━━━━━ Supplied data
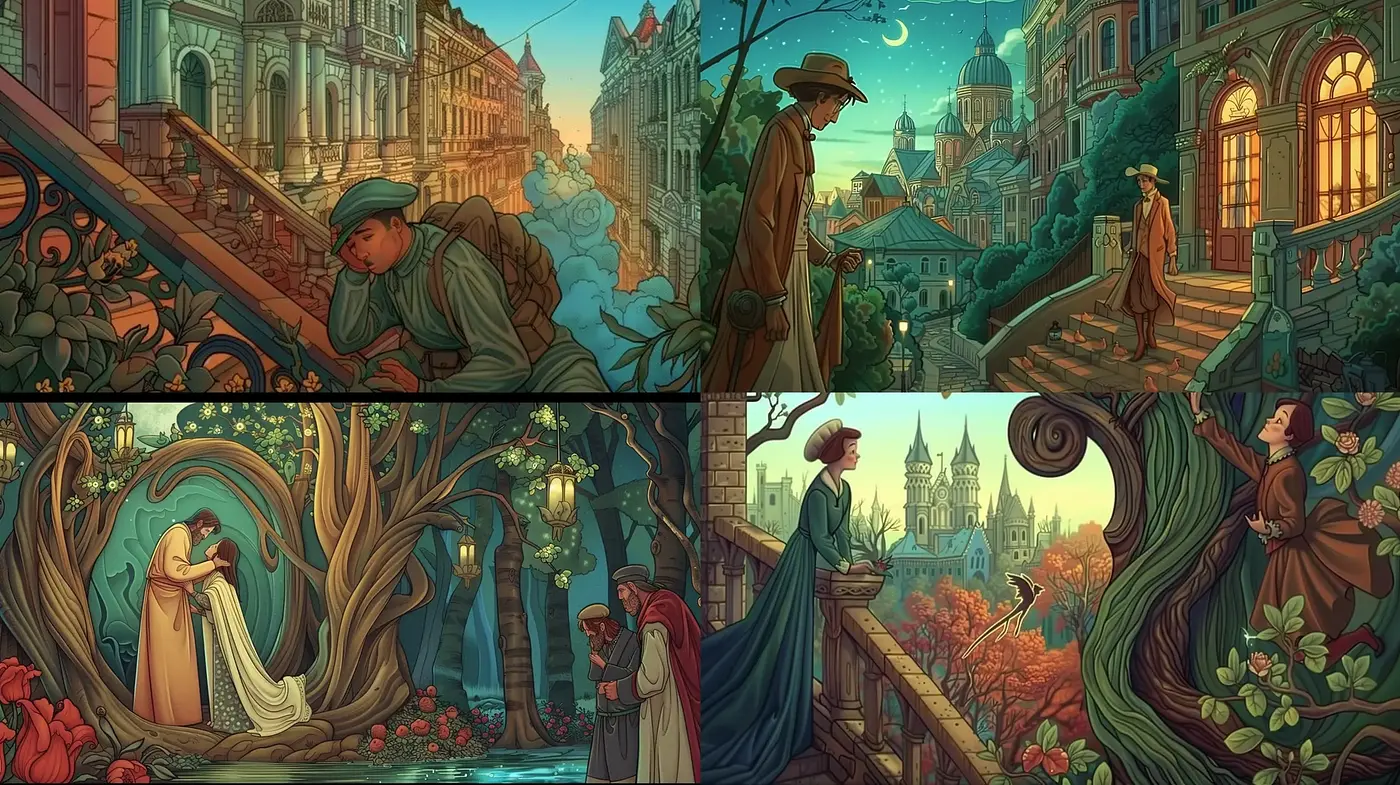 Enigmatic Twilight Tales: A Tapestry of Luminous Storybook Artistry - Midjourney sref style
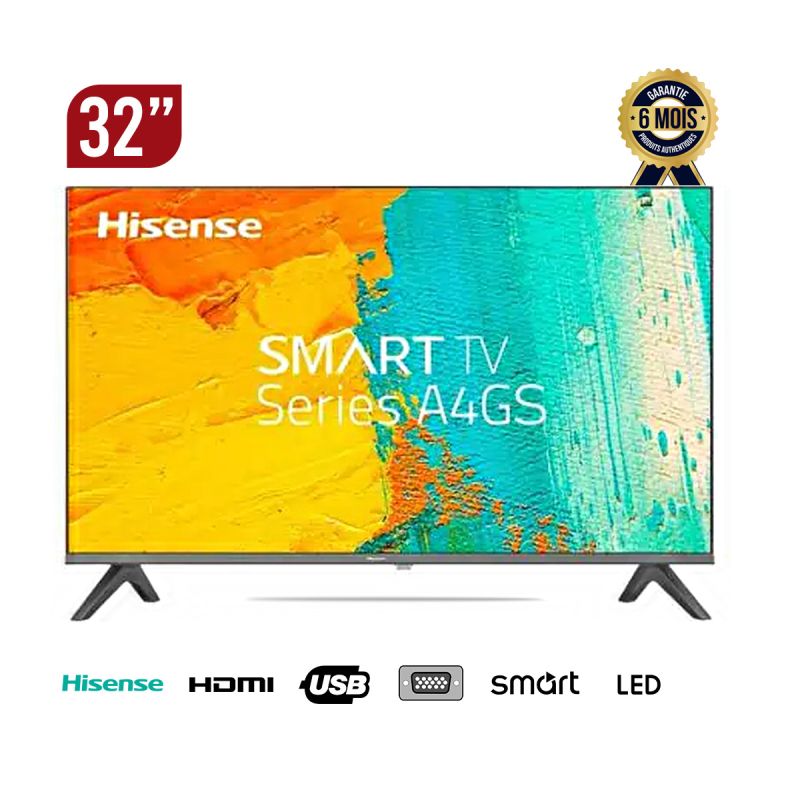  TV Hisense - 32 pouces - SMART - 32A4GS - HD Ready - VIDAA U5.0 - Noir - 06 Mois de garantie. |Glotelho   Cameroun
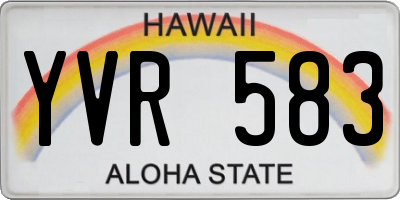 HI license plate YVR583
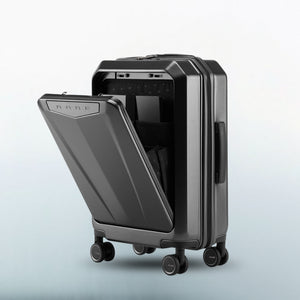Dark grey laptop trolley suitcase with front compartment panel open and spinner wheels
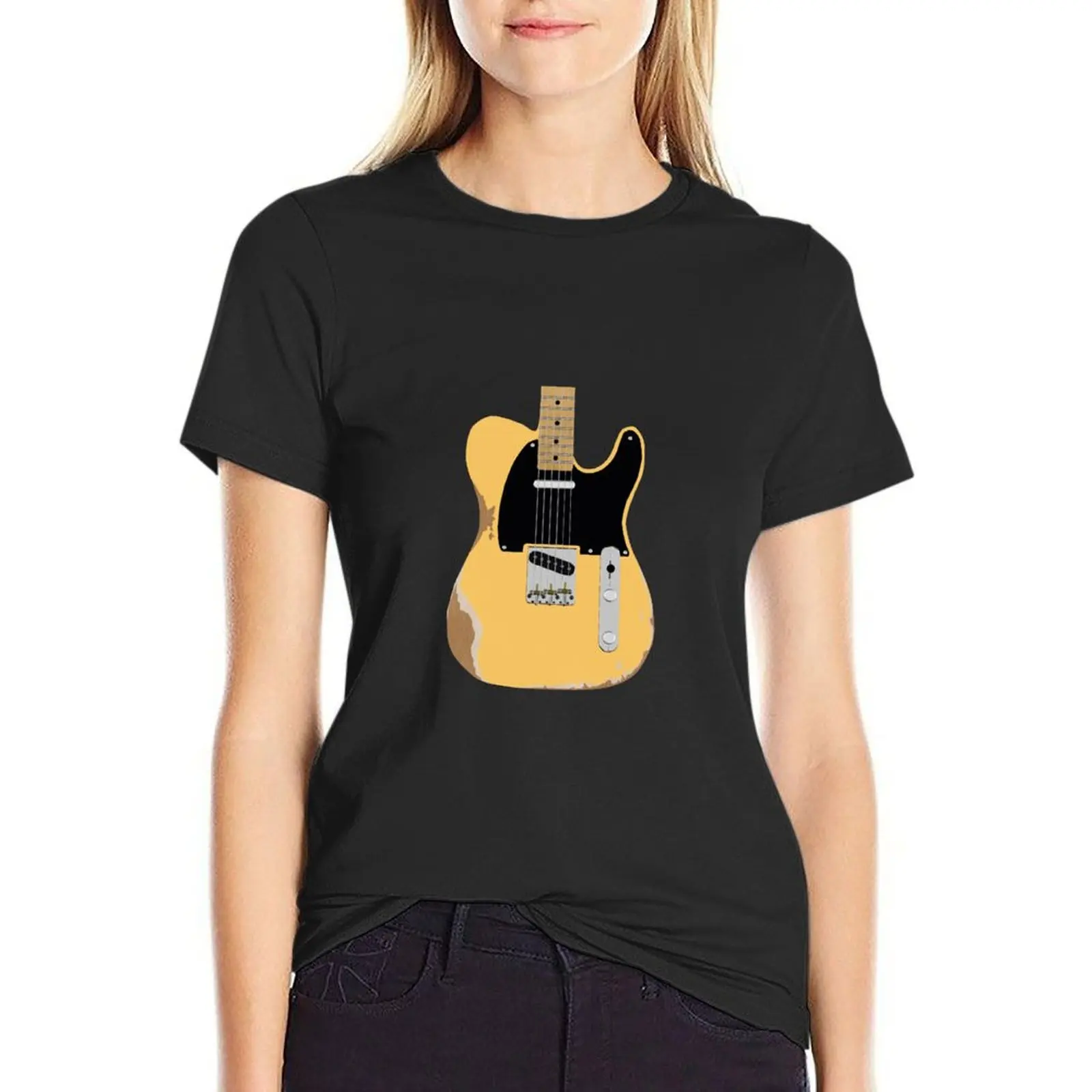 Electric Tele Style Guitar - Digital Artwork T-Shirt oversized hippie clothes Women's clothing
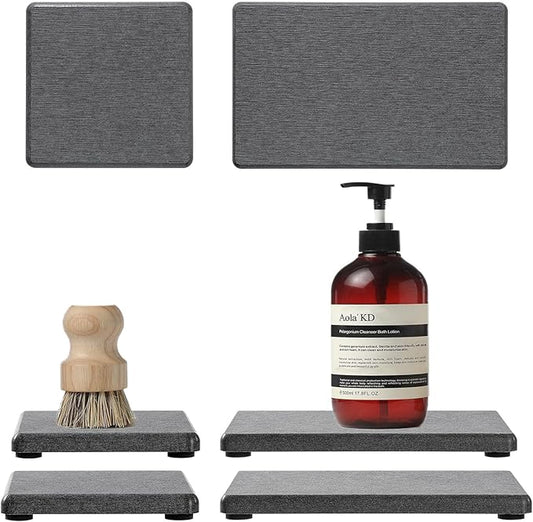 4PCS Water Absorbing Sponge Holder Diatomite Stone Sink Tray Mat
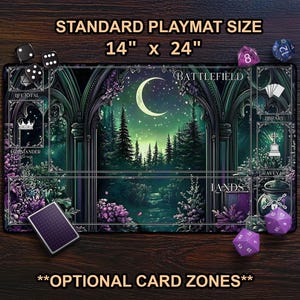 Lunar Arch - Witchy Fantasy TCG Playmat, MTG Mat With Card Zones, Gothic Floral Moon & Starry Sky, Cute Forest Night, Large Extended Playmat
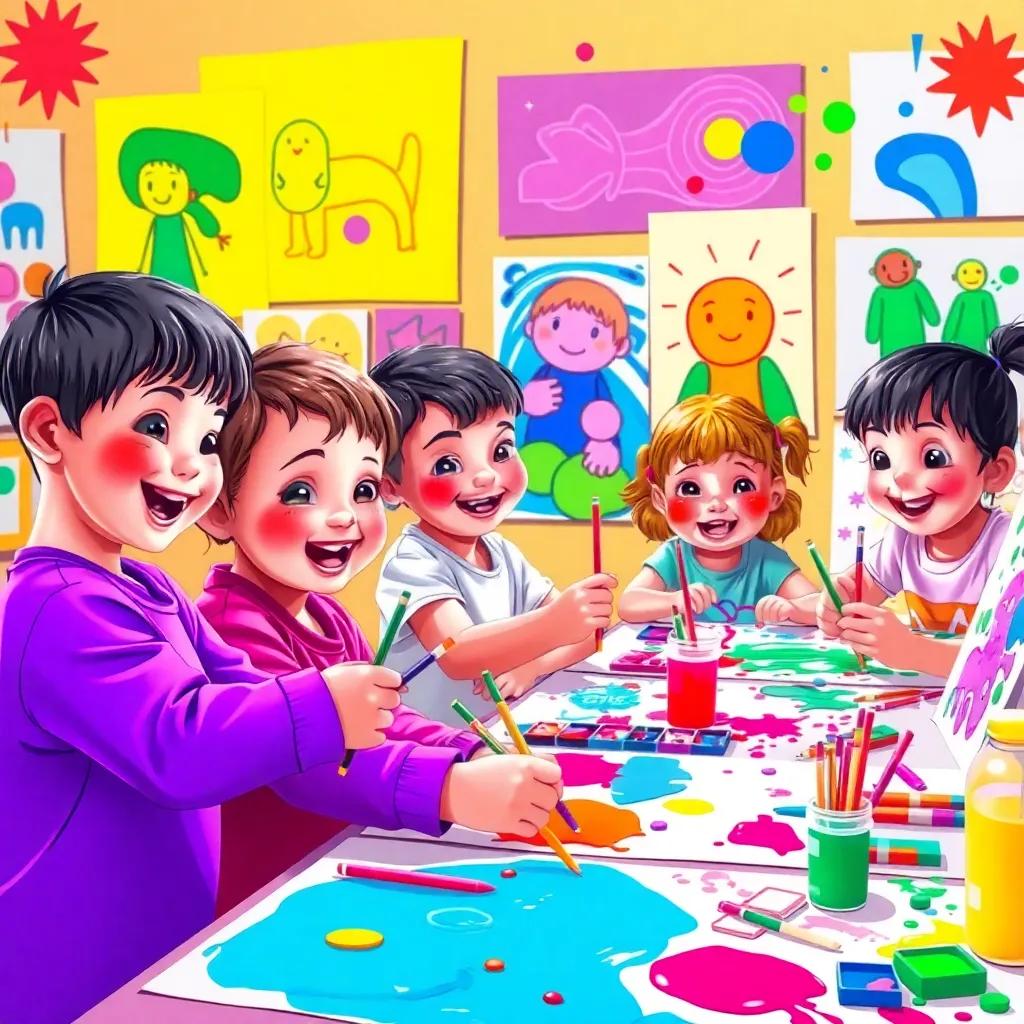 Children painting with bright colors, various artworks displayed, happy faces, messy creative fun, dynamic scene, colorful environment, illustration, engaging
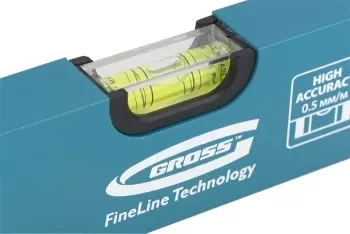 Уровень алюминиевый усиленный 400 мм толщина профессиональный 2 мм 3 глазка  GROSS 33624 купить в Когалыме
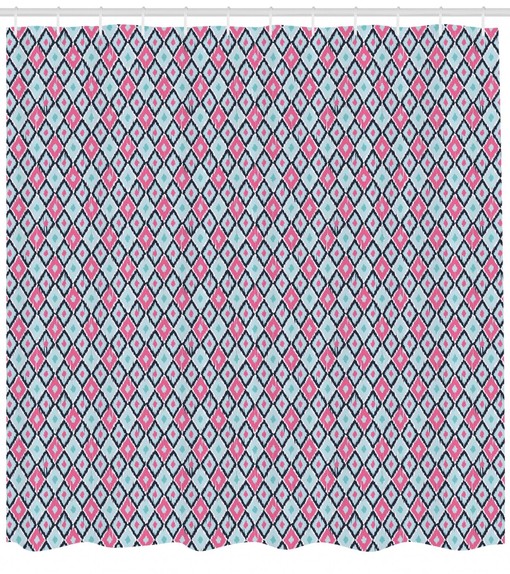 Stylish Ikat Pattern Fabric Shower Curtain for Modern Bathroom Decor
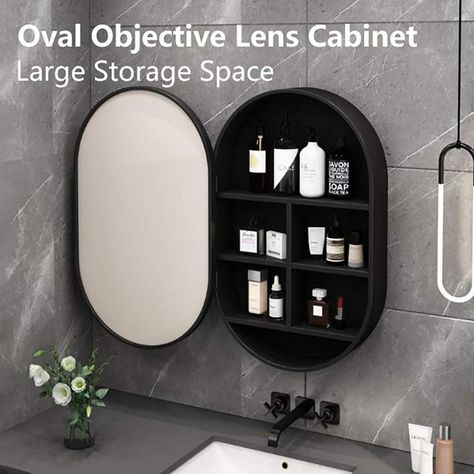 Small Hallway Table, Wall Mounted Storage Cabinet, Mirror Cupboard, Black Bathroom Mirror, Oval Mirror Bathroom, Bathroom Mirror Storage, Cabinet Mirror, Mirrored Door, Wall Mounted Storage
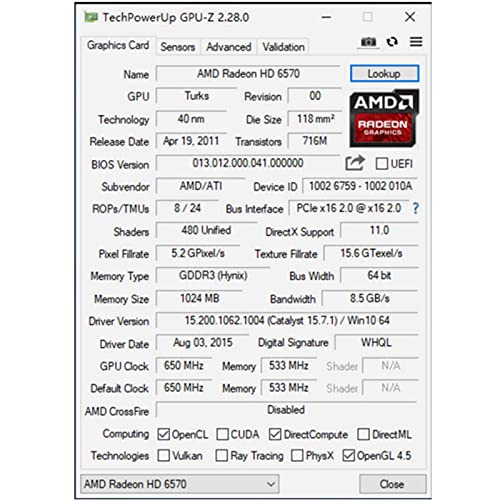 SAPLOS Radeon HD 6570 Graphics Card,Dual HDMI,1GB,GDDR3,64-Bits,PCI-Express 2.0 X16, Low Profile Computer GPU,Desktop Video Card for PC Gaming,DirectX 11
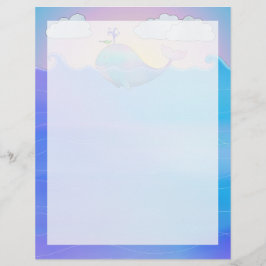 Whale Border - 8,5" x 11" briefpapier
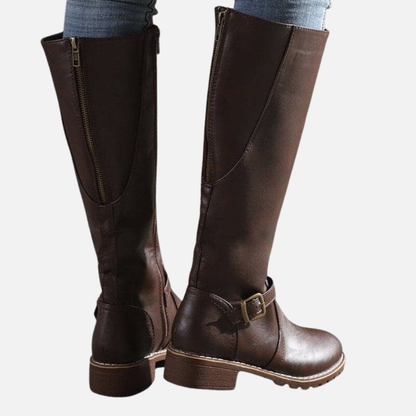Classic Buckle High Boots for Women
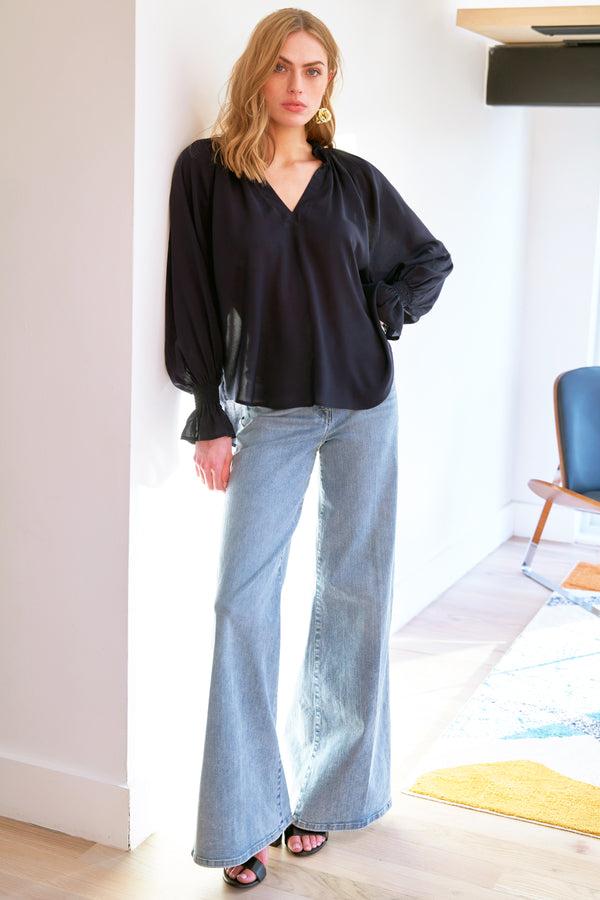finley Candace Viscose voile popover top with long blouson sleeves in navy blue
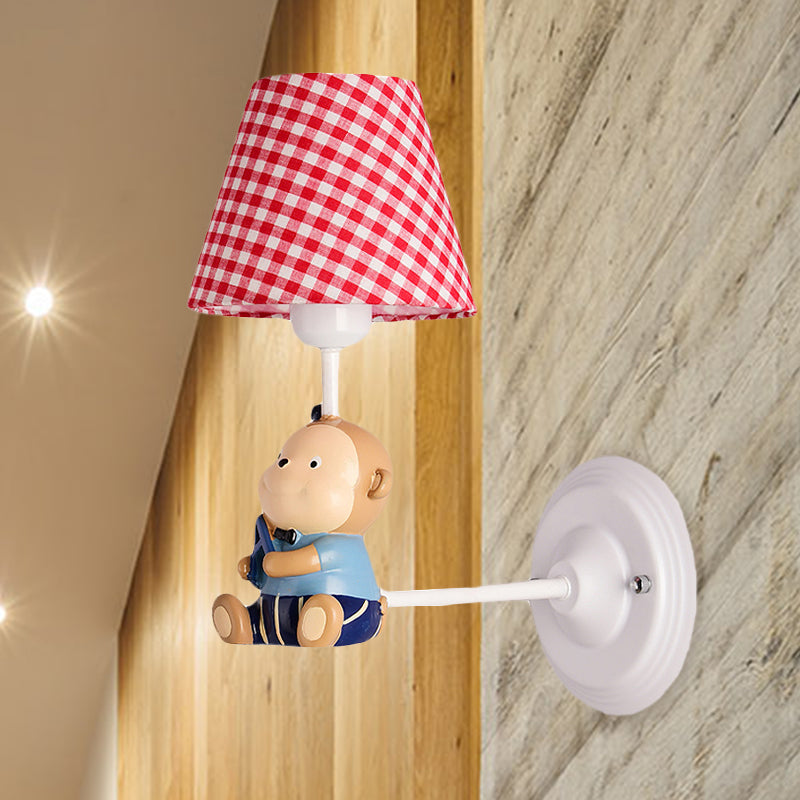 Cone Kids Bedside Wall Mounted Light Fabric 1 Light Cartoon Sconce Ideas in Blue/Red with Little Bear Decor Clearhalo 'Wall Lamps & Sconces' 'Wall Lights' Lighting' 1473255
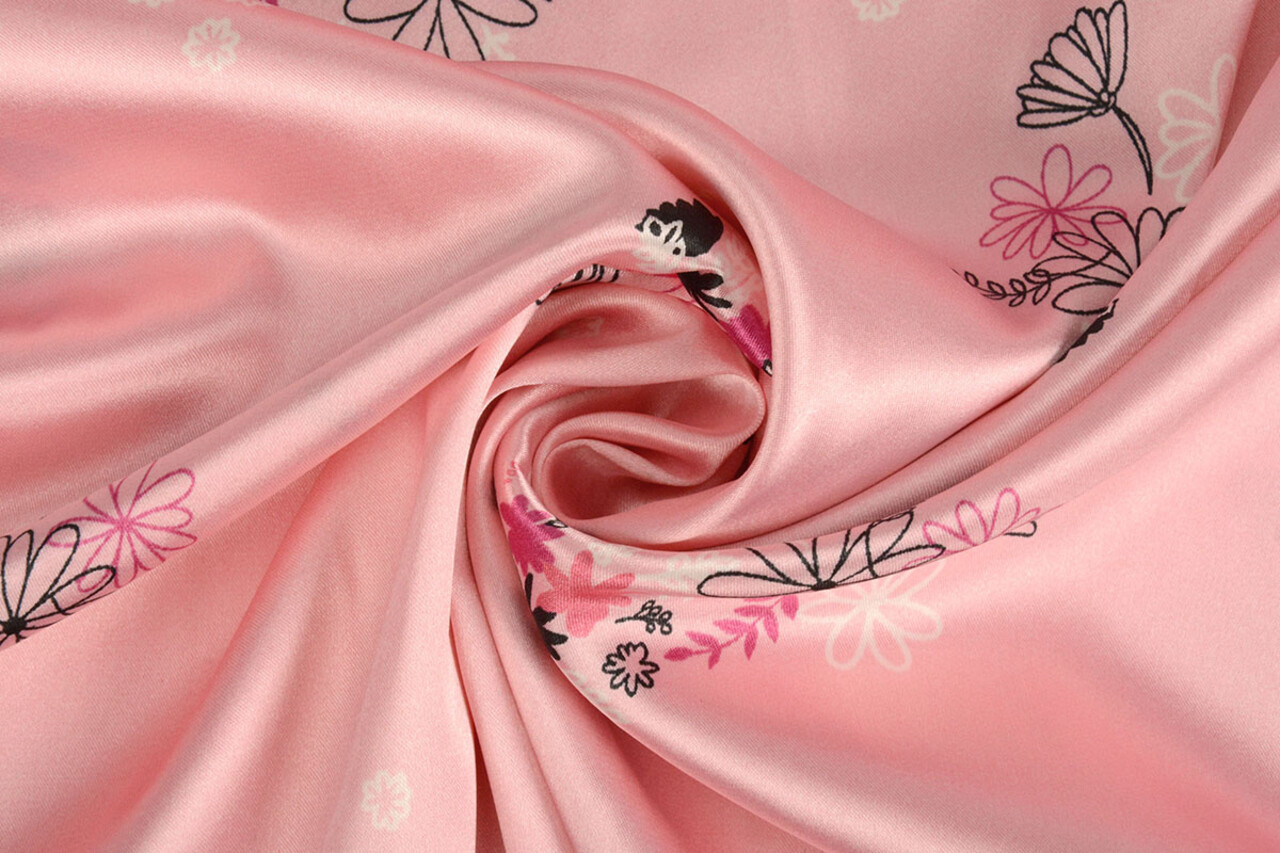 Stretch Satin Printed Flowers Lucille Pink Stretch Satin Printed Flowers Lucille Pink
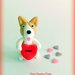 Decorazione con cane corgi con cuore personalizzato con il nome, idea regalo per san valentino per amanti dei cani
━━━━━━━━━━
__Exercise requirements__
Output only the lines from the one that contains "finley Candace Viscose" to the end of the entries above, both end lines included, and drop the pictures.

__Your response__
finley Candace Viscose voile popover top with long blouson sleeves in navy blue
 Cone Kids Bedside Wall Mounted Light Fabric 1 Light Cartoon Sconce Ideas in Blue/Red with Little Bear Decor Clearhalo 'Wall Lamps & Sconces' 'Wall Lights' Lighting' 1473255
 Stretch Satin Printed Flowers Lucille Pink Stretch Satin Printed Flowers Lucille Pink
 Decorazione con cane corgi con cuore personalizzato con il nome, idea regalo per san valentino per amanti dei cani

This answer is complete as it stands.